The 56-year-old was found not guilty of abusing a third sister, Nicole Meyer.

Leifer's sentencing ends a 15-year push for the mother-of-eight to face justice.

She had pleaded not guilty to more than two dozen charges and spent years fighting extradition from Israel. But in 2021, an Israeli judge found she had faked mental illness to avoid facing the courts and ordered she be sent to Melbourne.

During a lengthy trial, the jury heard evidence that Leifer had abused the sisters in locked classrooms, on school camps, and at the head teacher's home.

Detailing the 18 charges on Thursday, judge Mark Gamble called her offending "insidious".

Leifer was a revered figure at the Adass Israel School, awed almost like a rabbi, he said. And the sisters were starved of love and in need of protection - emotionally and physically abused at home by their mother and completely uneducated about sex.

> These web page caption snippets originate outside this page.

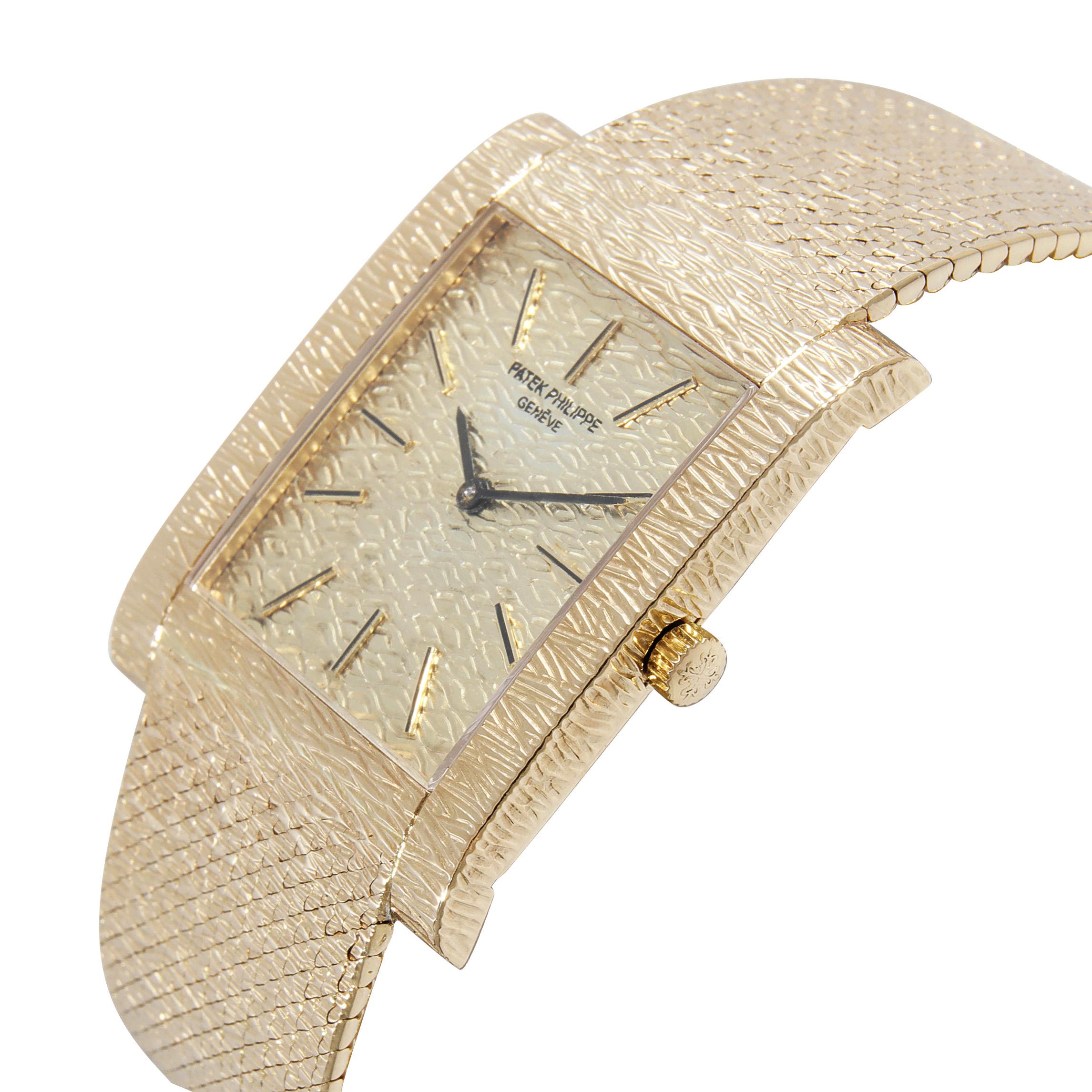Patek Philippe Gondolo 3553/1 Unisex-Uhr aus 18 Karat Gelbgold 3
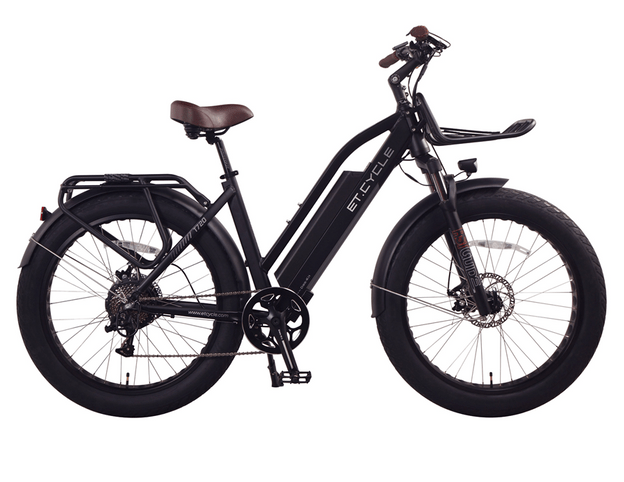 ET.Cycle T720 Step-Thru Fat Trekking E-Bike, 70Nm Torque, 48V 15Ah 720Wh Battery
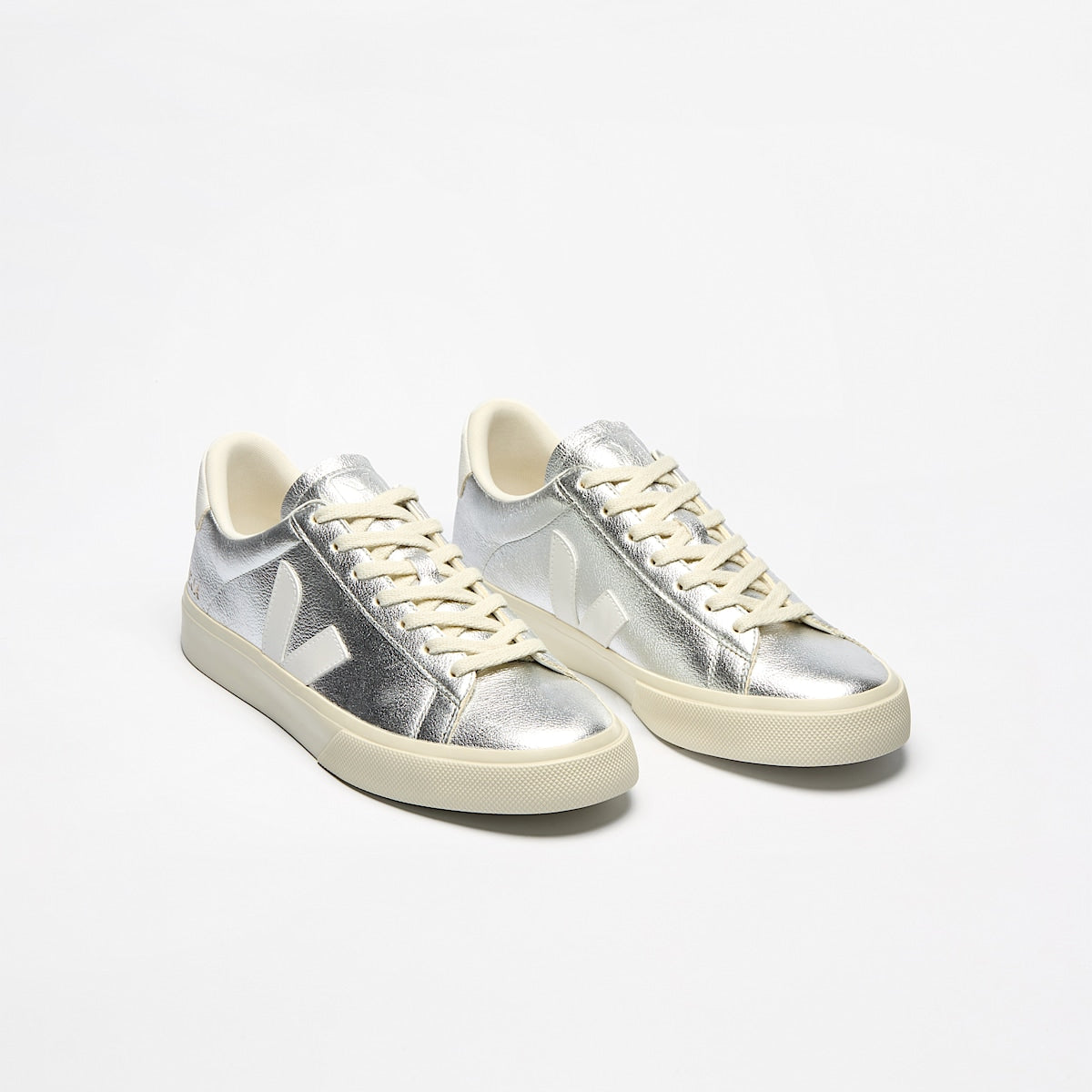 Veja Campo Leather Silver  White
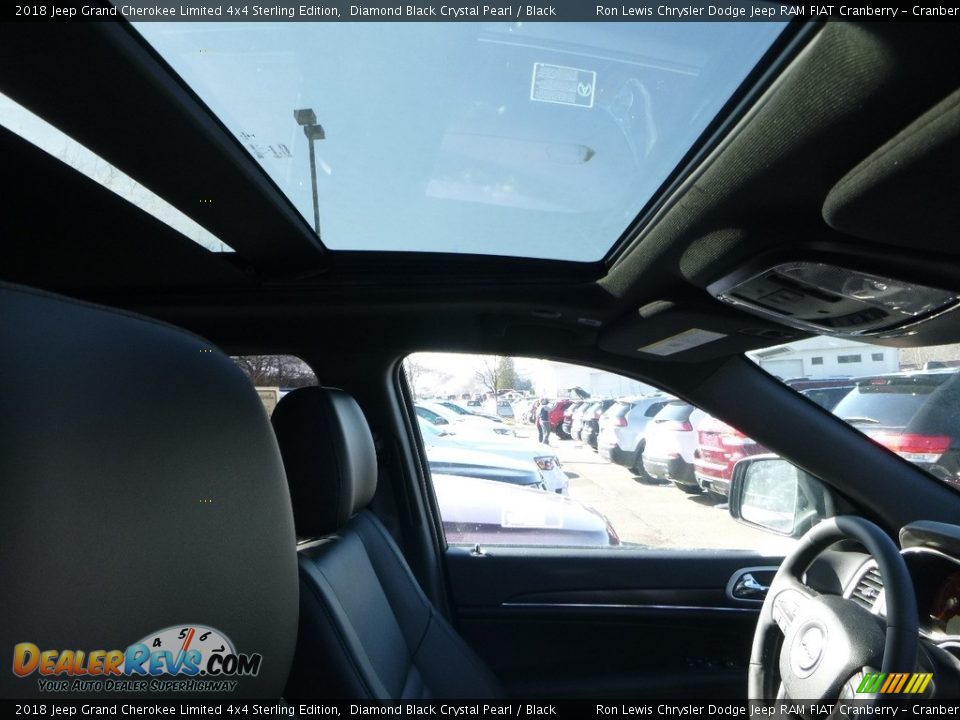 2018 Jeep Grand Cherokee Limited 4x4 Sterling Edition Diamond Black Crystal Pearl / Black Photo #8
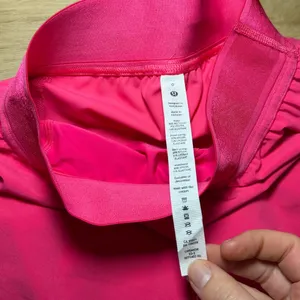 Lululemon Court Rival Skirt Size 0 High Rise Lip Gloss (Hot Pink) thumbnail 5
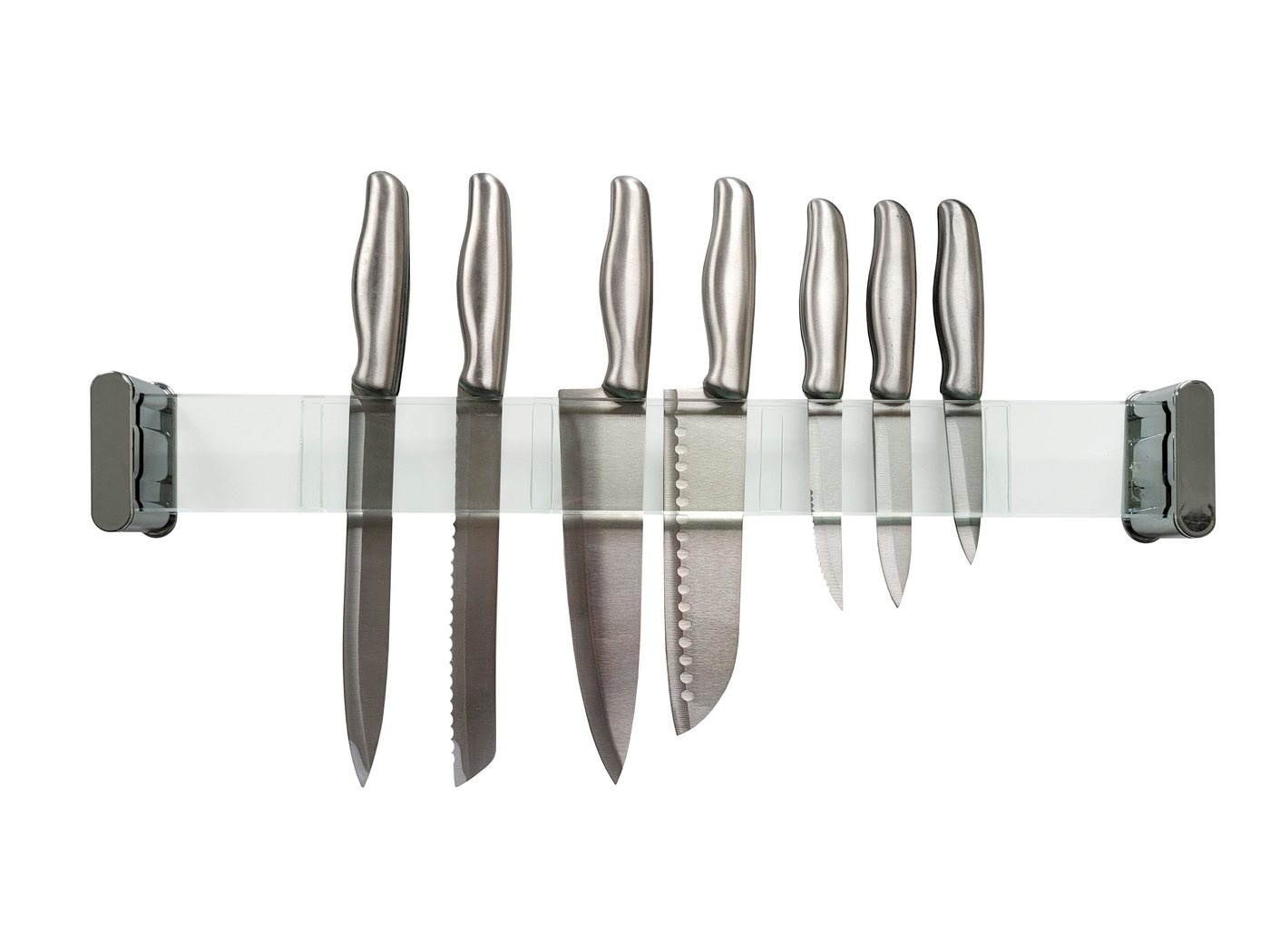 Provance Messerleiste Messerhalter Messerleiste Glas Einschubfächer 56 cm Länge von Provance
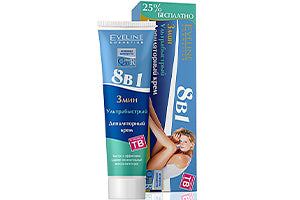 Eveline crema p/depilare 8/1 R+Q10 125gr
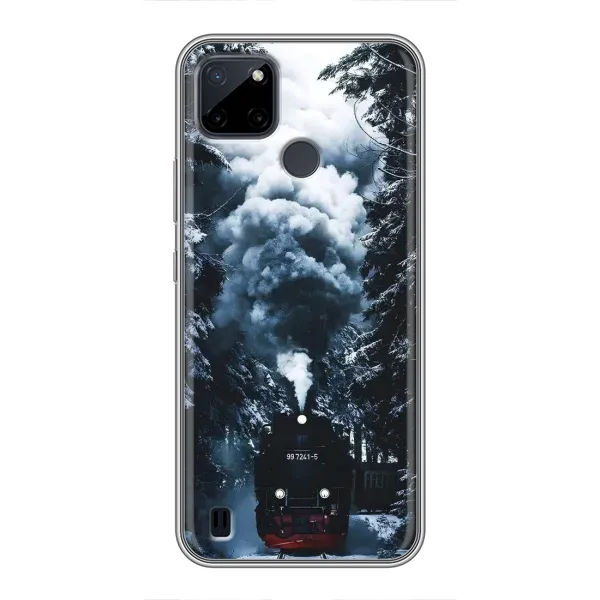 Чехол с принтом «Зимний поезд» для Realme C25Y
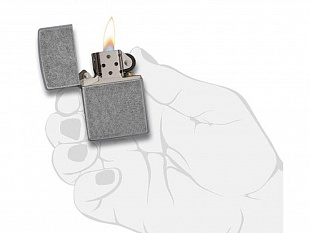 Зажигалка ZIPPO Classic с покрытием ™Plate (Зажигалка ZIPPO Classic с покрытием ™Plate, латунь/сталь, серебристая, матовая, 38x13x57 мм)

"This case is striking for just how vulnerable these victims were, and for the calculating way in which the offender, Mrs Leifer, took callous advantage... for her own perverse sexual gratification," the judge said.

Addressing "powerful" victim impact statements from Ms Sapper and Ms Erlich in which they spoke about lasting feelings of guilt, shame and fear, Judge Gamble stressed they were "completely innocent" of the "predatory behaviour" of Leifer.

"It is she and she alone who should feel guilty and ashamed for what occurred."

Considering the time she has already served in prison, Leifer will be eligible for parole in June 2029.

Speaking alongside her sisters outside court, Ms Erlich said the sentence was the end of a long and traumatic chapter of their lives.

"We are here today because we did not give up," she said.

"And while we know that the onus of fighting for justice should not be up to survivors, this fight was never just for us.

"To any other survivors in this nightmare: you are never alone, we are all behind you."

Now Leifer's trial has concluded, police have reopened an investigation into her attempts to evade justice.

The headteacher fled to Israel in 2008 after accusations were raised against her, reportedly with the help of members of the school board. She was arrested at Australia's request in 2014, but two years later an Israeli court suspended her extradition, ruling her to be mentally unfit for trial.

But undercover private investigators later filmed her shopping and depositing a cheque at a bank, leading Israeli authorities to investigate and re-arrest her in February 2018. A judge there said she had been "impersonating someone with mental illness".